When some have seen a poor soul delivered in a most glorious manner, and have thought that such an one appeared to bid fair to be useful in the ministry, or at least to be an ornamental pillar in the house of God, and, in the midst of all these pleasing hopes, such an one has been taken away by death, and, as it were, in his first love, this is no small trial to the saints and labourers, especially when persecutors abound; as was the case when Stephen was put to death, and died penny in hand; the Church knew the worth of him, and the loss of him was great; and devout men carried him to his burial, and made great lamentation over him.

It is a truth contained in the word of God, that day-labouring men were to be paid every evening, when their day's work was done; and it is as true that all believers are to live by the faith of be Son of God every day, and all their days; but that the Lord's labourers receive their penny at the eve of natural days does not appear, according to experience, to be matter of fact. There are many mysteries in the Lord's vineyard, which are called "the mysteries of the kingdom:" the saints are called to mysterious labour, and there is a mystery in their pay, and all the seven days of their week have also a mystery in them.

1. "As a shepherd seeketh out his flock, in the day that he is among his sheep that are scattered, so will I seek out my sheep, and I will deliver them out of all places where they have been scattered in the cloudy and dark days," Ezek. xxxiv. 12. These cloudy dismal days, are so called because of the many clouds that hang over the heads of poor self-lost sinners. "His sins as a cloud, and his transgressions as a thick cloud," Isa. xliv. 22, hang heavy over his head. "God holdeth back the face of his throne, and spreadeth his cloud upon it," Job, xxvi. 9; so that prayer seems not to pass through, which is a sore grief to the seeking soul; and such poor blind things often fall into bad hands, and, like the prodigal, join themselves to citizens of this country, which Peter calls "wells without water, and clouds without rain," and these help forward their calamity, There are but few of the Lord's people who are ignorant of this cloudy and dark day; nor are they insensible, nor is their soul-travail small, while this gathering work is going on. Souls must be made sick of the world, and of the men of it, sick of sin and of self too, before they be gathered to Christ, and united to him.

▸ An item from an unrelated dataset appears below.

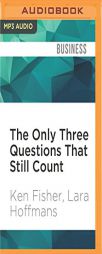 The Only Three Questions That Still Count: Investing By Knowing What Others Don't, 2nd Edition by Ken Fisher Paperback Book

Upon the close of this cloudy day comes the penny, Christ shines upon the soul, and makes "darkness light before him, and crooked things straight."

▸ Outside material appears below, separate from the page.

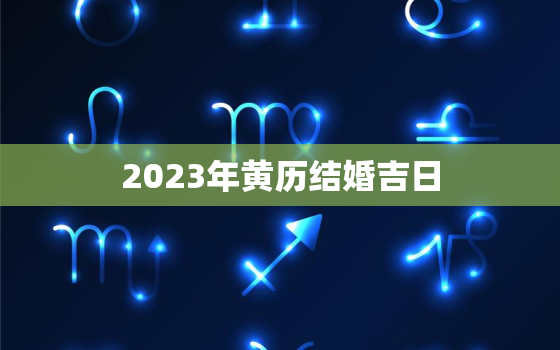 2023年黄历结婚吉日，老黄历2023年结婚黄道吉日一览表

2. This brings on another day, and we may call it one of the best days we ever knew; but often it appears like the transport of the two disciples at Emmaus; and he was no sooner seen than gone. "And he said unto the disciples, The days will come when ye shall desire to see one of the days of the Son of man, and ye shall not see it," Luke, xvii. 22. Here is a cloudy and dark day, and here is one of the days of the Son of man: a day much to be desired, and yet this day is denied; it is not to be seen, though much longed for.

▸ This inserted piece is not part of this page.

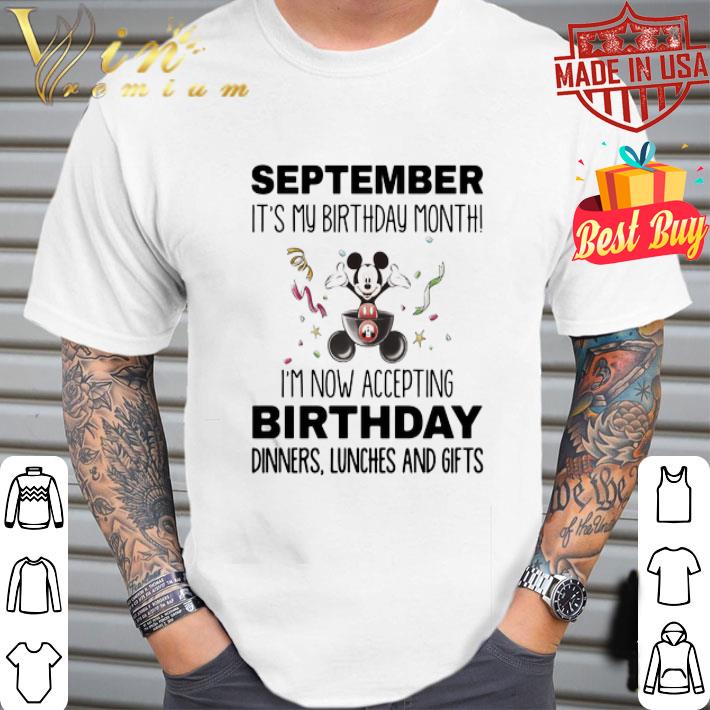 Disney Mickey Mouse September Birthday Dinners Lunches And Gifts shirt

3. There is a day of adversity: "In the day of adversity consider," Eccl. vii. 14. This is a day of trouble, when Satan and Corruption seem to carry all before them, when no Sun of Righteousness appears, and the soul, having tasted the sweetness of Christ, is the more tortured at the loss of him; as the disciples after his resurrection, when he paid them so man transient visits, and before they could gaze at him he was gone: but when the day of Pentecost was come, it was not as before; and so in our day of adversity when it is over.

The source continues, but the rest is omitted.